In this context, the ENES Climate Analytics Service (ECAS) aims to enable scientists to perform data analysis experiments over large multi-dimensional data volumes providing a workflow-oriented, PID-supported, server-side and distributed computing approach. Two instances of ECAS are respectively running at CMCC and DKRZ in the scope of the European Open Science Cloud (EOSC) platform, under the EU H2020 EOSC-Hub project. ECAS builds on top of the Ophidia High Performance Data Analytics framework, which has been integrated with AAI solutions (e.g.
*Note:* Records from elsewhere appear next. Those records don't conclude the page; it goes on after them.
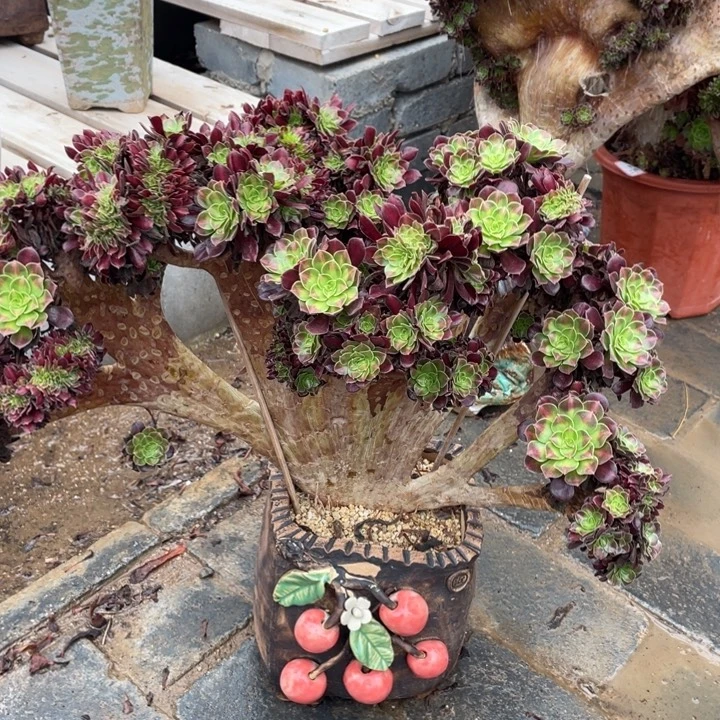 法师老桩缀化花纳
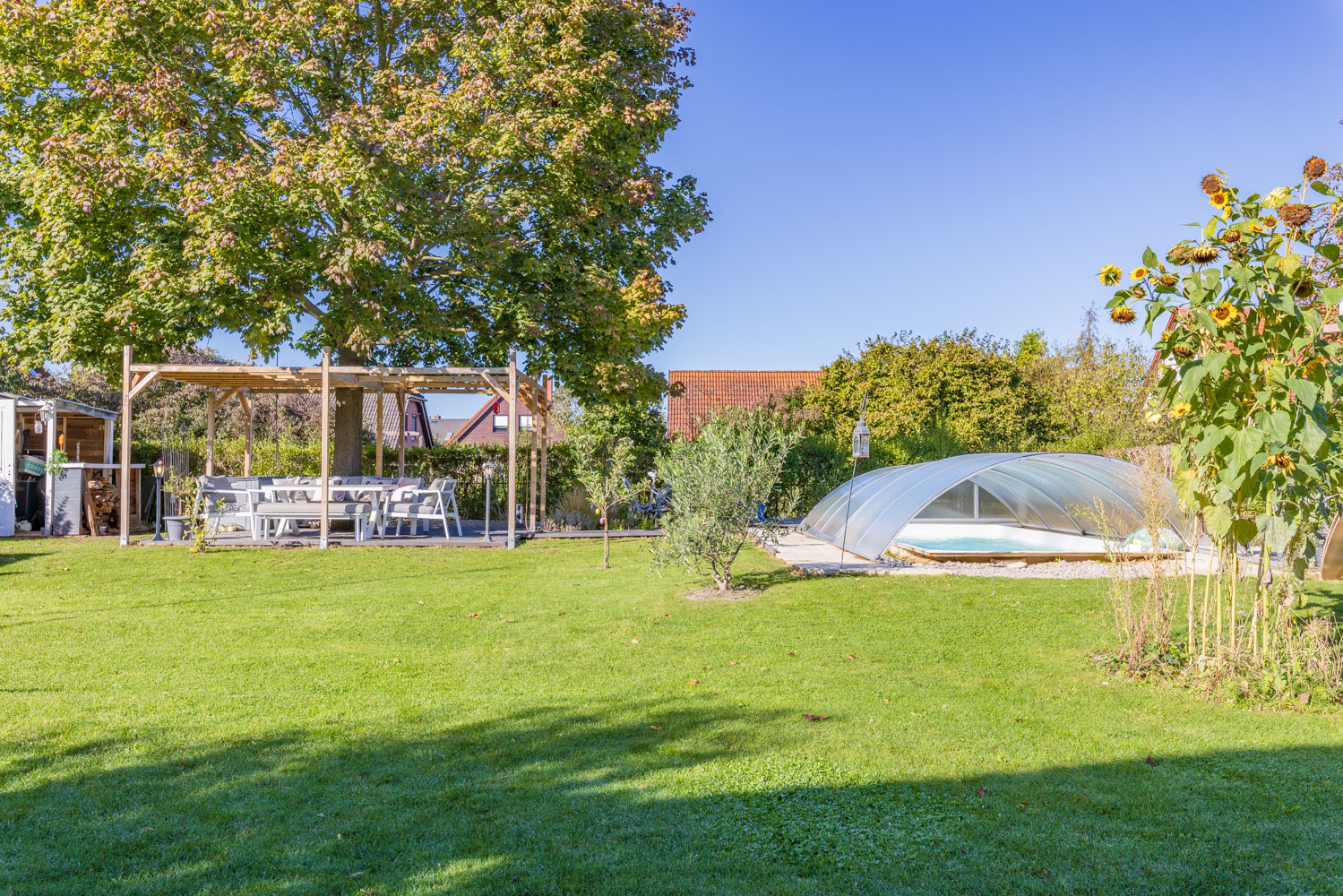 Garten mit Pool und Terrasse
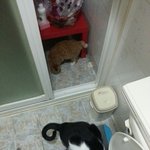 [언제나함께] <b>뜬금</b>이 소식입니다. (아, 뻔순이 소식이여)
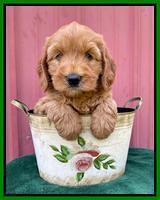 Haven Bayou pups 6 wks old 261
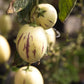Pepino Dulce (Solanum muricatum)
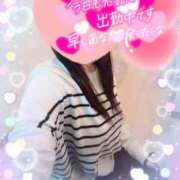 ヒメ日記 2025/03/14 11:08 投稿 まひろ タレント倶楽部アダルト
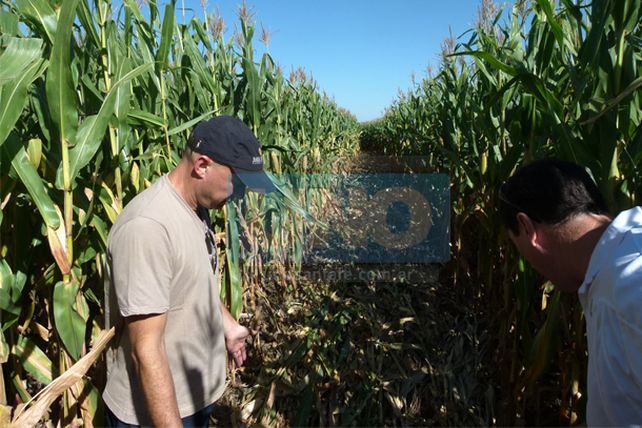 ¿Ovni en Pujato?: asombro y descreimiento por las huellas en un maizal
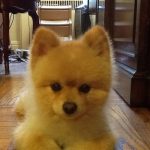 Sammy Wishes You a Happy New Years 4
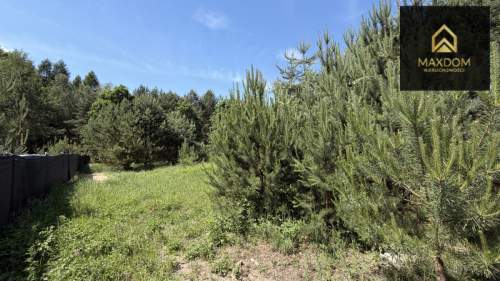 Cisza natura woda prąd światłowód MPZP Kampino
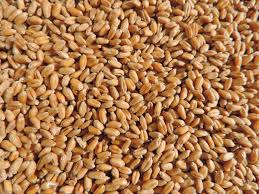 Organic Natural Wheat Seeds, Style : Dried, Purity : 99%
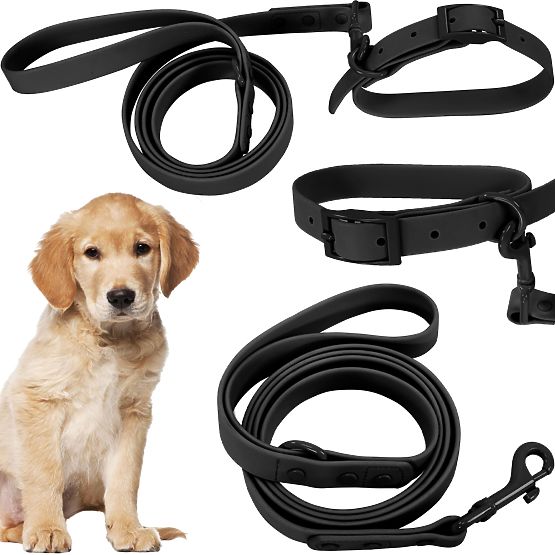 Laisse et collier pour chien PJ-071 noir M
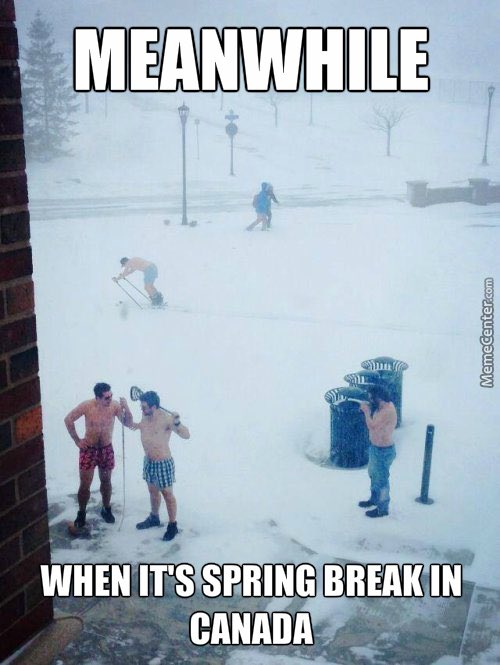 JMUPartyProbz's tweet photo. 😂😂 #SpringBreak2018 https://t.co/sWERHP9bxg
EGI Check-in, IAM), data access and sharing services (e.g., EGI DataHub, EUDAT B2DROP/B2SHARE), along with the EGI federated cloud infrastructure.
The ECASLab virtual environment, based upon ECAS and the JupyterHub service, aims to provide a user-friendly data analytics environment to support scientists in their daily research activities, particularly in the climate change domain, by integrating analysis tools with scientific datasets (e.g., from the ESGF data archive) and computing resources (i.e., Cloud and HPC-based).
ECAS is one of the platform configurations made available to users from the EGI Applications on Demand (AoD) service. Thanks to the integration into the Elastic Cloud Compute Cluster (EC3) platform, operated by UPV, researchers can very easily deploy and configure a full ECAS environment on the EGI FedCloud. The EC3 service not only takes care of managing the setup and contextualization of the entire ECAS cluster, but also manages the elasticity of the environment by scaling up/down the cluster size on the cloud resources based on the current workload. This integration will effectively support scientists and help advance their research by exploiting a custom ready-to-use environment without the burden of the platform setup. With respect to security and data access, a stronger integration with EGI services will be part of the future work to provide an even smoother experience to ECAS users.
This talk will present the ECAS environment and the integration activities performed in the context of EOSC-Hub, with a special focus on the integration with the EGI federated cloud infrastructure.